Re: [RFC PATCH] dma-buf/dma_fence: Make races for dma_fence_is_signaled() less likely
From: Philipp Stanner
Date: Mon Jun 15 2026 - 06:05:25 EST
On Mon, 2026-06-15 at 11:53 +0200, Christian König wrote:
> On 6/12/26 12:42, Philipp Stanner wrote:
> > dma_fence_is_signaled() returns whether a fence has been signaled
> > already. That function contains a fast path opportunistic check which is
> > not guarded by the lock and, according to Christian, cannot be guarded
> > by the lock without causing a massive performance regression.
> >
> > This now means that dma_fence_is_signaled() can return true WHILE the
> > fence callbacks are still being executed. This is razy and has lead to
> > at least one bug solved in:
> >
> > commit c8a5d5ea3ba6 ("nouveau: fix client work fence deletion race")
> >
> > Make this race impossible, by simply setting the bit only once the
> > callbacks are actually completed.
>
> Groundhog day, that has been suggested before and it simply doesn't work.
>
> The flag is intentional set before calling the callbacks because the state needs to be visible.
It will be visible. Just later.
>
> Just see dma_fence_default_wait() for an example why that approach doesn't work.
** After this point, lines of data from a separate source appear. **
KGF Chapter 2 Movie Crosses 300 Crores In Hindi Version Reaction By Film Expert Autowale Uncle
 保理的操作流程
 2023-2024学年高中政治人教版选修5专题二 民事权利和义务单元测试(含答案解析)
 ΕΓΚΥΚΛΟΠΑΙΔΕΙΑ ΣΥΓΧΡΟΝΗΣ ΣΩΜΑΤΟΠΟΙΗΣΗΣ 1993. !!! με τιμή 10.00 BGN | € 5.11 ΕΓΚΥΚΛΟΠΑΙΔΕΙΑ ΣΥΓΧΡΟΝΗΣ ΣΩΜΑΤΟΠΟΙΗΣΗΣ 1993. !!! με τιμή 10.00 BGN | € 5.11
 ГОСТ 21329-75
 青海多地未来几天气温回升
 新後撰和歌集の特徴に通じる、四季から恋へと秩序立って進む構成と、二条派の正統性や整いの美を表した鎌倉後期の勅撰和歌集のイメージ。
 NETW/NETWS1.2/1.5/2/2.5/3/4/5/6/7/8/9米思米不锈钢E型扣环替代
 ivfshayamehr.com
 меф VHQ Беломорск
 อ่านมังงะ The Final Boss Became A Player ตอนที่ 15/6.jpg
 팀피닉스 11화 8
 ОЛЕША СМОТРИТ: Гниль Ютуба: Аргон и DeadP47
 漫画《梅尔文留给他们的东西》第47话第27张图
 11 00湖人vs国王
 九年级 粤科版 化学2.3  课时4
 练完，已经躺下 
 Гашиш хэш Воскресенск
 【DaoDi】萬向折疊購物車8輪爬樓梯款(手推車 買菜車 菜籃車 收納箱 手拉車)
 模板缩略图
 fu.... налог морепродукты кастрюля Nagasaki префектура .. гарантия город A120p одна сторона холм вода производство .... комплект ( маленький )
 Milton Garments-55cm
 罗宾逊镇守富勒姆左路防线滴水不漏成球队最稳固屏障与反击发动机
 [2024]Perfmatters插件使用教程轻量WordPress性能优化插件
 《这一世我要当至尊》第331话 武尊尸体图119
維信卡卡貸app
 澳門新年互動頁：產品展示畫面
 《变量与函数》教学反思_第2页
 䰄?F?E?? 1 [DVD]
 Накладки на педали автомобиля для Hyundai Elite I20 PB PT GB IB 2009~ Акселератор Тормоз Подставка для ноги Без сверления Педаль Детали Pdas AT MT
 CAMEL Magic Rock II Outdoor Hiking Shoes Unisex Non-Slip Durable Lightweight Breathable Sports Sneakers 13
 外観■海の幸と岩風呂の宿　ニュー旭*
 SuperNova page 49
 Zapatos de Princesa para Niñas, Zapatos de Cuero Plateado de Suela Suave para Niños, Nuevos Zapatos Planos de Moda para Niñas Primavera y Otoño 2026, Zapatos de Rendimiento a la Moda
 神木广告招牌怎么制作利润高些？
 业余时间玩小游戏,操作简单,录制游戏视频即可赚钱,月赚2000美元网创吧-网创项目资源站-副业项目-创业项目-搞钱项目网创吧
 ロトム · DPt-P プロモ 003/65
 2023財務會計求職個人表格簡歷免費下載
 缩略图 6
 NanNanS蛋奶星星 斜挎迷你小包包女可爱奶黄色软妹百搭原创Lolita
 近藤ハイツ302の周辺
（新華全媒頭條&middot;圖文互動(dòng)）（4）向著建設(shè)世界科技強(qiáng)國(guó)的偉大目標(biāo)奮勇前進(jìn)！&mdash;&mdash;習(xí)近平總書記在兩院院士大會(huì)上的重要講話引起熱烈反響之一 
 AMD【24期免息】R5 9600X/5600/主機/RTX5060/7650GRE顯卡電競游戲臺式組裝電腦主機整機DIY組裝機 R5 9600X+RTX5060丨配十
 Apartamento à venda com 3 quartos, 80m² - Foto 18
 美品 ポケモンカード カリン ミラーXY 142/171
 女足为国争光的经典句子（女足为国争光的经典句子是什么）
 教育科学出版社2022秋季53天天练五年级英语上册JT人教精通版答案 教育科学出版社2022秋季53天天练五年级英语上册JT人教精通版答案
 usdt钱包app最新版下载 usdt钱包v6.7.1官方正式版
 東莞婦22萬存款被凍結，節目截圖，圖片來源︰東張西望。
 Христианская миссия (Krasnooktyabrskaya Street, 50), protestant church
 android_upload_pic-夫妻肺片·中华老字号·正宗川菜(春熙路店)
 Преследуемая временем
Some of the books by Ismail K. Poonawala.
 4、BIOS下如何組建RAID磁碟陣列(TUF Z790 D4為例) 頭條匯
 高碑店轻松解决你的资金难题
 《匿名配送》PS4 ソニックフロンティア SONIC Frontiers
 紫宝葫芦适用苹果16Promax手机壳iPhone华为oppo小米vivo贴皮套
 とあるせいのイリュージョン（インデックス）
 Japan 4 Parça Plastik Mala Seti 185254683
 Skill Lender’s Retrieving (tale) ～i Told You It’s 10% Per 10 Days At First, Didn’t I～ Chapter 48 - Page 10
What's the issue? It will be set. Just later. Who is ordering with
whom?
I BTW suggest to write more code comments in the future to document all
these supposed pitfalls for those who will hack on that code base once
we have left.
P.
>
> Regards,
> Christian.
>
> >
> > Signed-off-by: Philipp Stanner <phasta@xxxxxxxxxx>
> > ---
> > drivers/dma-buf/dma-fence.c | 18 ++++++++++++++++--
> > 1 file changed, 16 insertions(+), 2 deletions(-)
> >
> > diff --git a/drivers/dma-buf/dma-fence.c b/drivers/dma-buf/dma-fence.c
> > index c7ea1e75d38a..2416cc86ce93 100644
> > --- a/drivers/dma-buf/dma-fence.c
> > +++ b/drivers/dma-buf/dma-fence.c
> > @@ -359,8 +359,19 @@ void dma_fence_signal_timestamp_locked(struct dma_fence *fence,
> >
> > dma_fence_assert_held(fence);
> >
> > - if (unlikely(test_and_set_bit(DMA_FENCE_FLAG_SIGNALED_BIT,
> > - &fence->flags)))
> > + /*
> > + * First test the bit, so we don't signal an already signaled fence again.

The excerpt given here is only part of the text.